BOSTON -- In the early 1990s, Tim O'Reilly's company had a new and potentially lucrative idea: Use advertising revenue to run a Web portal. Essentially, O'Reilly claims, Global Network Navigator invented the Internet banner ad.
According to a landmark court decision handed down five years ago this month, O'Reilly may have been able to patent the idea as a "business method" -- a move that could have changed the course of Internet history.
But even if he could have, O'Reilly says he wouldn't have.
"If I had been able to put a patent on that and collect from everybody else who did it, that would have held back the industry tremendously," said O'Reilly, who after the sale of GNN to America Online now heads O'Reilly Associates, a tech publishing company. He is a critic of broad patent protections.

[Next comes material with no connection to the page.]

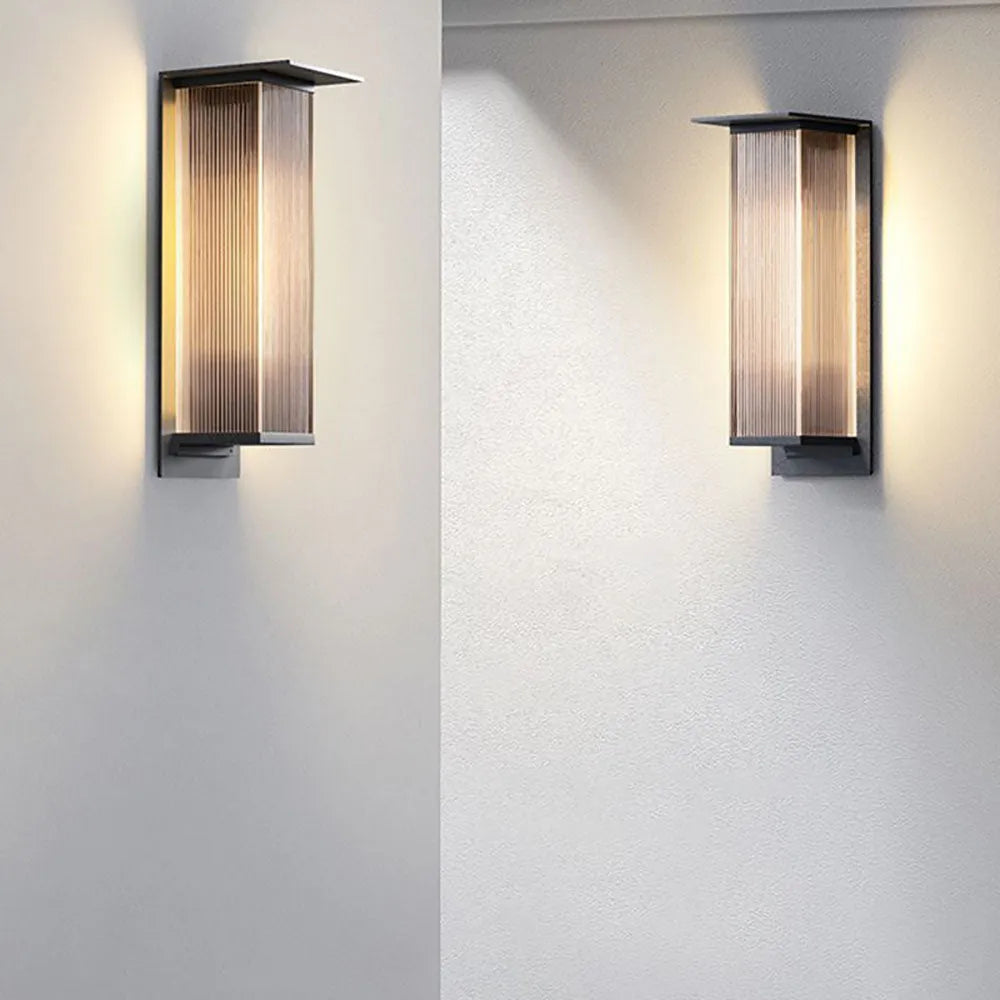 Waterproof black LED wall lamp, modern outdoor lighting for garden, patio, and accent.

That's one view of patents. The other is held by the likes of Jay Walker.
Like O'Reilly, Walker is an e-commerce pioneer -- he founded Priceline.com -- and considers himself a champion of innovation.
But Walker's company, Walker Digital LLC of Stamford, Conn., has made a business of patenting just about any business method it can. He owns more than 200, including ones on online dating and running slot machines.
Walker applauds O'Reilly's selflessness, but disputes the logic. Patent rights don't slow technological innovation, he says; they spur it.
"If you want to give your house to the city for a public park, great," he said. "On the other hand, we shouldn't deny people the right to have houses."
Also about ideas
Experts say the 1998 State Street v. Signature Financial decision from the U.S. Court of Appeals for the Federal Circuit was an acknowledgment that intellectual property was as much about ideas as about things. The U.S. Patent Office had been granting business method patents for years and the court simply signaled its approval.
But the decision inspired thousands to file patents on things like new kinds of credit-card offers and methods for teaching a golf swing.
In 1997, the year before the ruling, the Patent Office received 927 applications under its main classification for business methods. In 2001, that number rose to 8,700, falling to 5,000 last year as many small companies went out of business.
"In the dot-com era, the first thing they did was go get a patent, because that's what the investors were looking for," said Tom Turano, an attorney at Testa, Hurwitz & Thibeault, a Boston firm with a large technology practice.
Patents are designed to encourage innovation by guaranteeing inventors some reward -- generally exclusive rights for 20 years. The idea must be considered useful, new and "non-obvious."
In computers, the definition of "obvious" is blurry. Programs are instructions telling a computer to do something. The "something" may sound obvious, but the instructions may not be.
That fuzziness has sparked concerns that too many "obvious" ideas are getting patented.
Among the criticized:
"One-click" shopping. Between 1999 and 2001, Amazon.com and Barnesandnoble. com battled in court over whether Barnesandnoble.com's "Express Lane" feature infringed on Amazon's patent for letting customers complete their orders with one click. The parties settled, but not before Barnesandnoble.com shut down the feature for two Christmas seasons.
Online auctions. In May, a jury ruled that one of eBay's Internet-based auction systems violated a patent filed by a Virginia attorney. It ordered the company to pay him $35 million. EBay is asking that the verdict be overturned.
Online DVD rentals. Last month, Netflix won a patent for the technology that allows customers to set up a rental list of movies they want mailed to them. The news sent Netflix's stock soaring; investors bet it would help the company muscle out rivals Wal-Mart and Blockbuster.
To Walker, patent protections spur innovation by requiring the inventor to tell the world how an idea works, instead of locking it away as a trade secret.
Walker also notes that every new wave of technology has brought cries it should be kept "above" the patent system. A previous generation worried electricity would fall in the hands of a few monopolies; instead, Walker said, patent protection attracted investment and inspired a wave of marvelously creative uses.
But O'Reilly says the computer revolution really is different.
"The Internet was very much a culture of leapfrog, not king of the hill," he said. "There was this sort of orgy of copying, which I think led to some pretty substantial innovation. As we see more patents, I see the innovation slowing down."
'Regret every patent I filed'
Programmers, he said, waste time finding different ways to solve problems somebody else already figured out.
"I regret every patent I ever filed," said Doug Cutting, a programmer who helped file patents for former employers Apple and Xerox but says he won't file any more because he wants to be able to reuse his own code.
Too many small companies are spending their money on patent lawyers, not research, says O'Reilly. And Walker, he says, isn't helping.
"I think he's abusing the system," O'Reilly said. "At the end of the day, when you look at his company, his R&D department consists of lawyers."
Walker denies that, saying his company spends millions on research and hardly anything on lawyers. His goal is to license technology, not fight over it in court.
O'Reilly says that's still a problem.
"It's not innovation. It's a business model of ripping off the patent system," he said. "Maybe he should patent that."